(2012 WSB photo by Christopher Boffoli)
How did more than 600 “bearing pad” cushions get installed on the Fauntleroy Expressway end of the West Seattle Bridge with a design flaw that made them too soft? The City Council Transportation Committee got a few more answers in a briefing this morning. The agenda including that briefing is what led to our report last Friday about the problem, which means that much of the work done two years ago, requiring multiple nighttime closures so the bridge deck could be jacked up for bearing-pad installation, will be re-done next year.
First: What exactly was the problem?
The committee was told that SDOT caught the flaw – the wrong number requiring the necessary “stiffness” for the bearing pads – when it reviewed the design consultant’s specs. The consultant was told to fix that numerical error. But it didn’t – and the city did not re-check the specs, so didn’t know that the bearing pads were made to the too-soft specification.

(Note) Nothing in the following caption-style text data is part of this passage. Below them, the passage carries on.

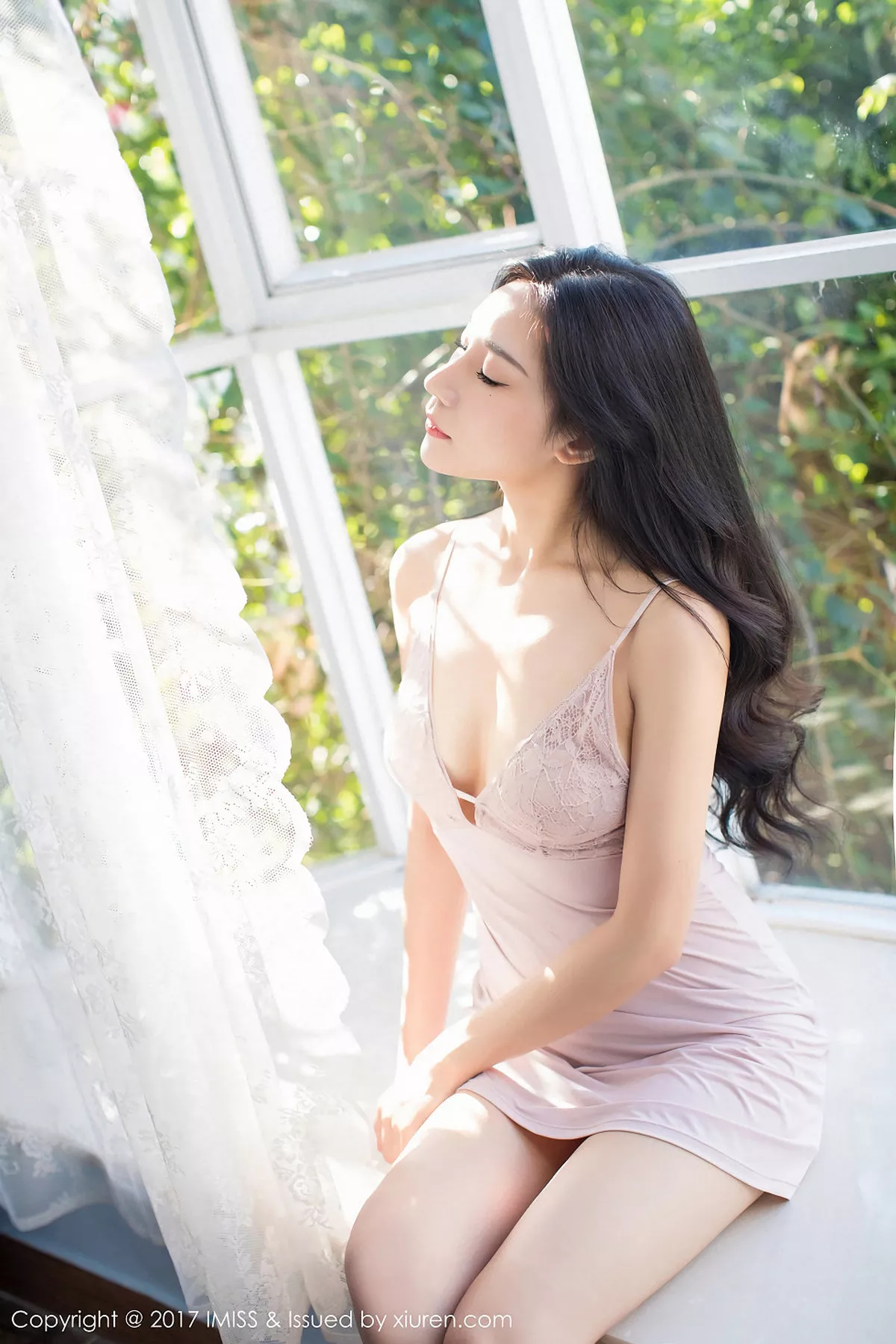 秀人集.com_[IMISS爱蜜社]Vol.197_嫩模小狐狸Sica私房粉色系吊带睡裙加粉色睡衣销魂诱惑写真43P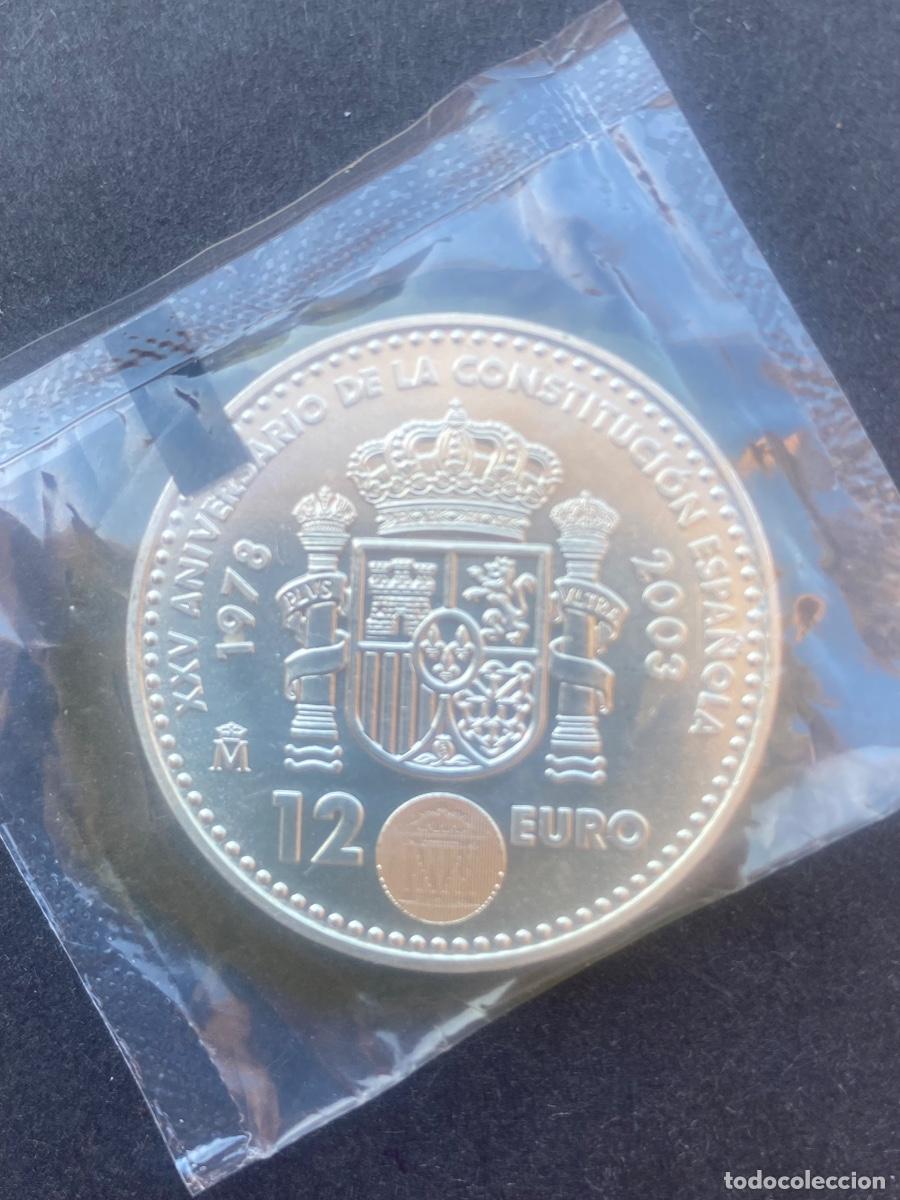 Monedas Juan Carlos I: Moneda de Espa&ntilde;a de 2003 de 12&euro; de plata XXV Aniversario de la Constituci&oacute;n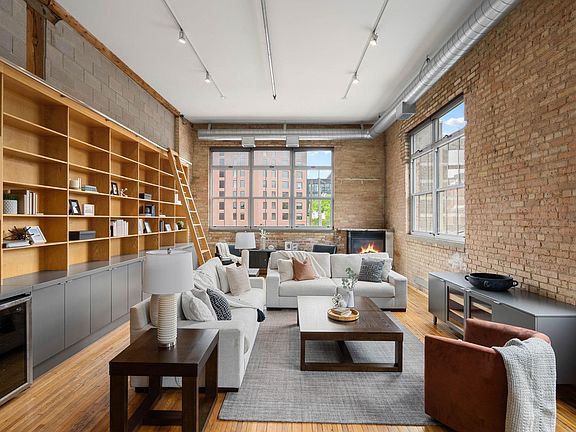 4th image of 801 Washington Ave N APT 203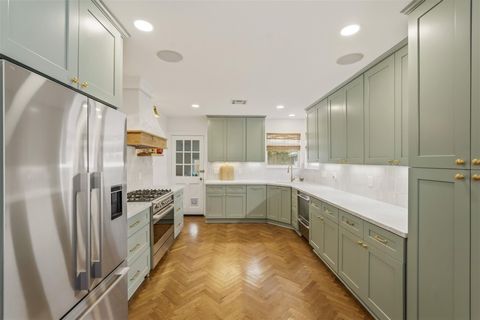 Tiny photo for 918 E 14th Street, Houston, TX 77009 (MLS # 90037309)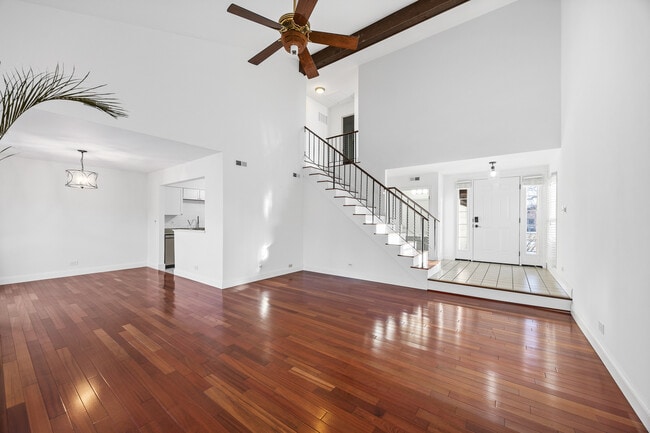 Photo - 120 White Birch Ln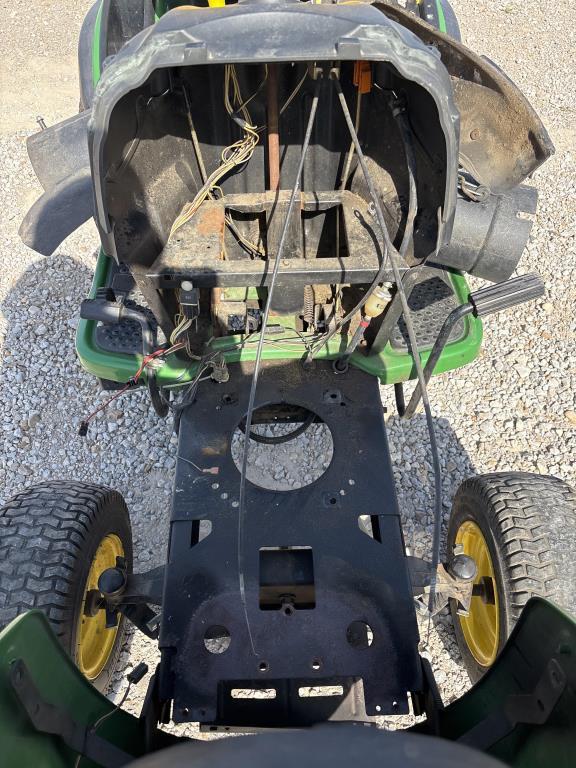 John Deere L130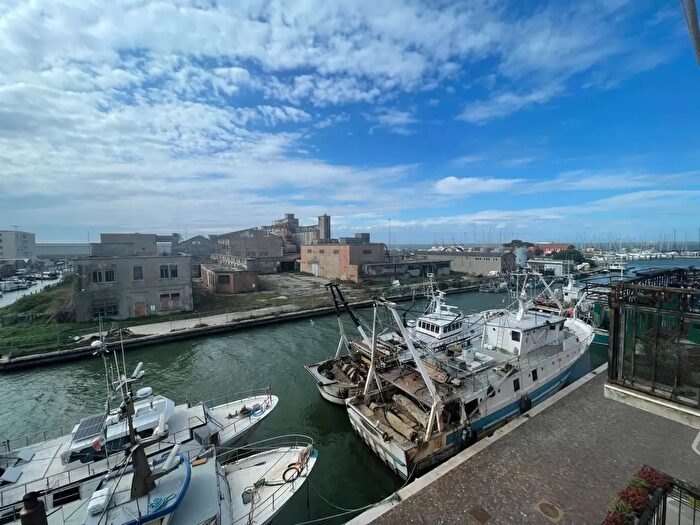 Appartamento con 7 locali in vendita in Fondamenta Canal Lombardo, Chioggia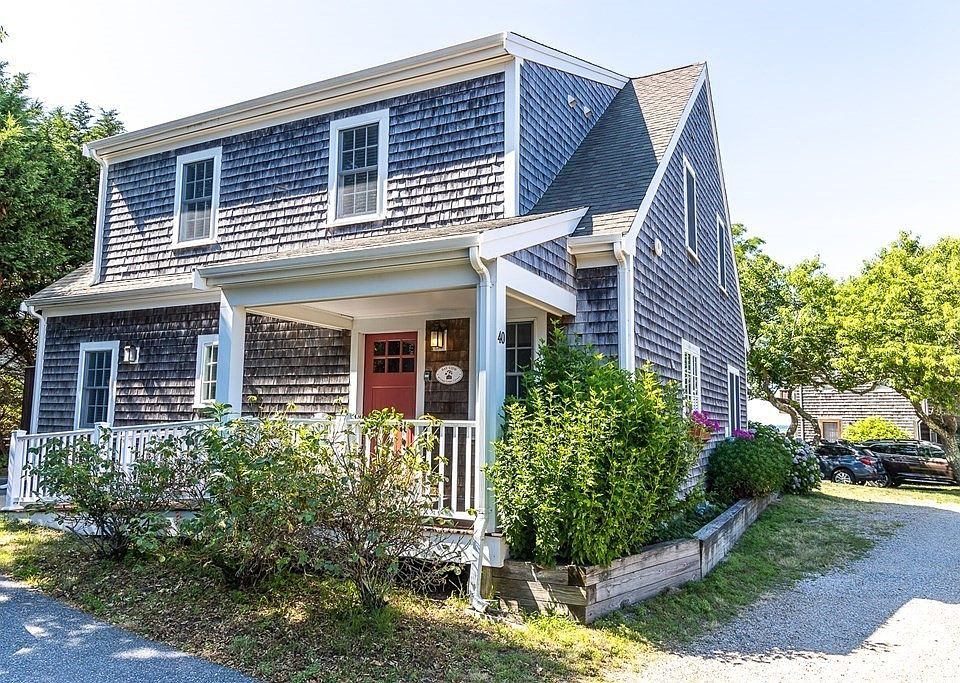 Linger Longer Residences 40 Linger Longer Cartway Brewster, MA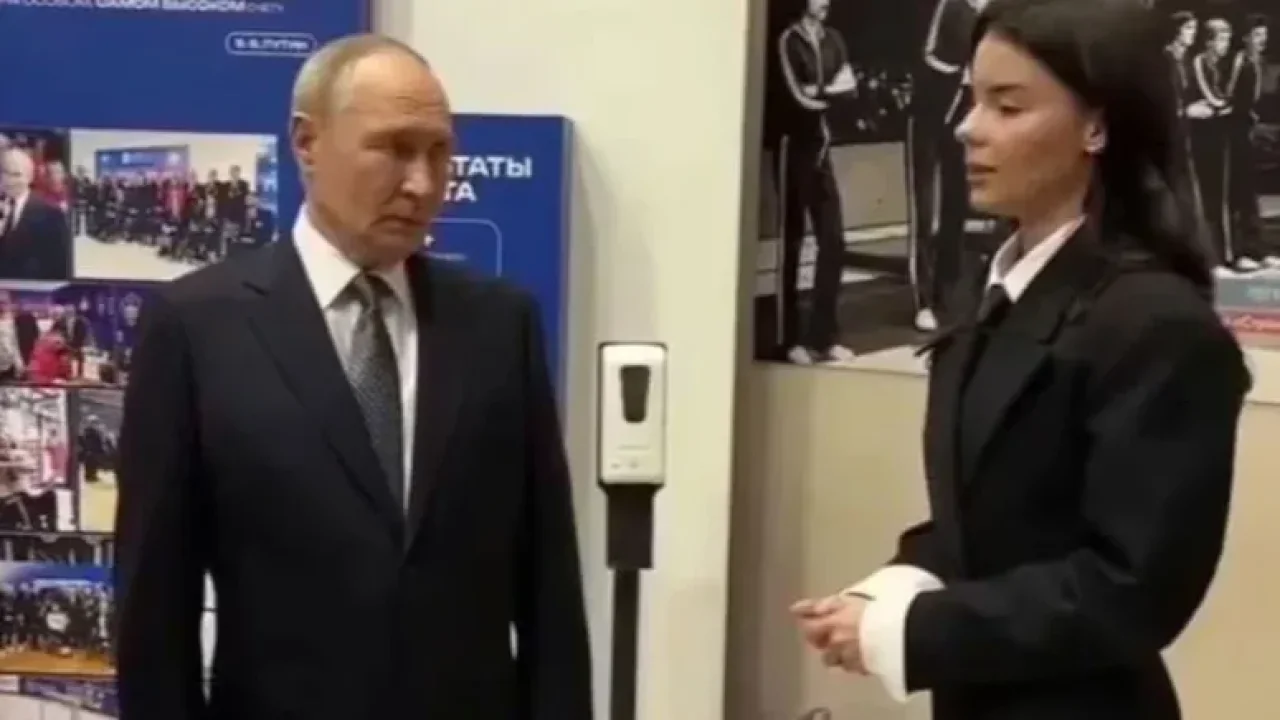 Özel kural unutuldu! Putin&#039;in gerçek boyu ortaya çıktı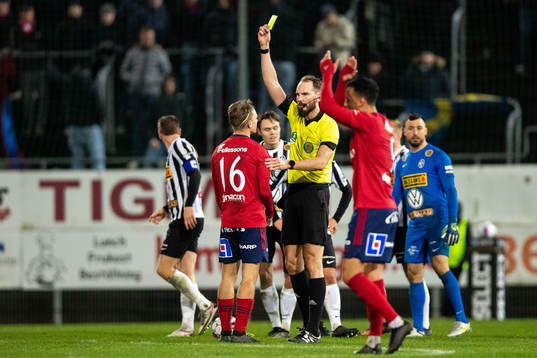 Domare Andreas Dufva-Johansson varnar Östers Isak Magnusson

The design consultant’s failure to fix the number cost them $1.9 million. But, as reported here on Friday, the city decided that since the pads had to be re-replaced anyway, it might as well get them built to a newer toughness standard that had emerged since the original order. The new pads, the committee was told this morning, cost three times as much – they include steel. So that extra cost, plus the cost of some repairs needed on the Fauntleroy Expressway, means the city will spend an additional $2.6 million. (And that number could change – downward or upward – the council committee was told today.)
It was reiterated in the briefing that the bridge is safe; as an SDOT spokesperson told us last Friday, it’s an issue of wear and tear – the bridge will last longer with tougher bearing pads.
As for the additional repairs the bridge is going to get – the briefing this morning mentioned falling concrete and cracked girders, because it’s “an older bridge.” If it’s not fixed, water will get into the rebar and potentially lead to a “real structural problem.” (This part of the bridge was built in 1963 – more than 20 years before the main part of the high-level bridge, completed in 1984.)
Also mentioned at the briefing: You’ll see some crews out this month doing inspection as part of the preparation for this work, which could require up to 20 nighttime closures; SDOT says it won’t be as impactful as last time, when some of the closures were combined with closures needed for work on the Spokane Street Viaduct project, which has long since been completed. (This WSB report from 2012 takes a closer look at how the work was done.)
And yes, SDOT has learned a lesson, it was acknowledged at today’s briefing: When they ask a consultant to fix an error, they’ll check to make sure it got fixed.